---- RECORD EXTRACTS

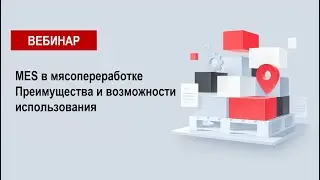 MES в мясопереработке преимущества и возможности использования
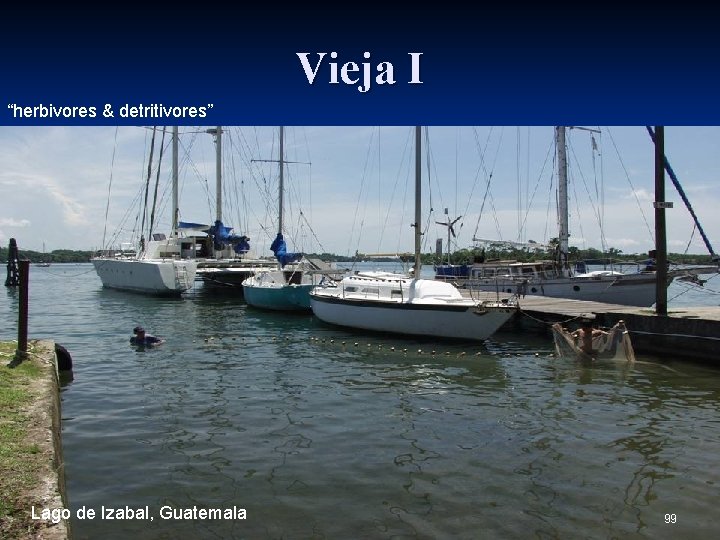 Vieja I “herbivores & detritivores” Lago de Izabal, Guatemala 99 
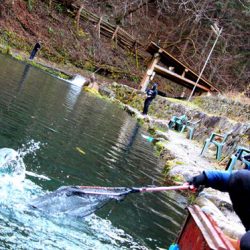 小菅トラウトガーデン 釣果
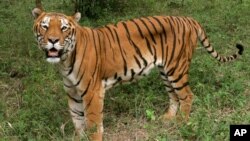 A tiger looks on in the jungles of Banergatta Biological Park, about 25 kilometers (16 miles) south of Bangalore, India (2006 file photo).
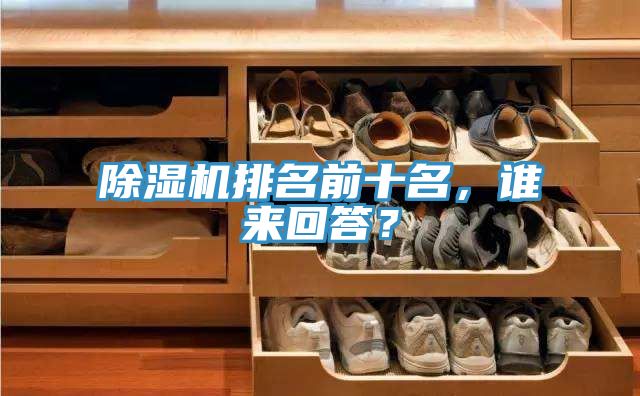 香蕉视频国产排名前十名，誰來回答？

--------
---- RECORD EXTRACTS

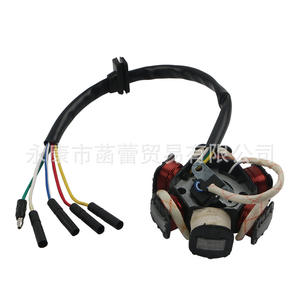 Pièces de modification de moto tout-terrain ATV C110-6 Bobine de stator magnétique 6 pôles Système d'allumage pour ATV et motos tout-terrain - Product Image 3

--------

§ **WHAT IS NEEDED**:
Above are the records; return the lines in them from the one with "MES в мясопереработке" to the one with "香蕉视频国产排名前十名，誰來回答？", inclusive, exactly and without images.

§ **TASK RESPONSE**:
 MES в мясопереработке преимущества и возможности использования
 Vieja I “herbivores & detritivores” Lago de Izabal, Guatemala 99 
 小菅トラウトガーデン 釣果
 A tiger looks on in the jungles of Banergatta Biological Park, about 25 kilometers (16 miles) south of Bangalore, India (2006 file photo).
 香蕉视频国产排名前十名，誰來回答？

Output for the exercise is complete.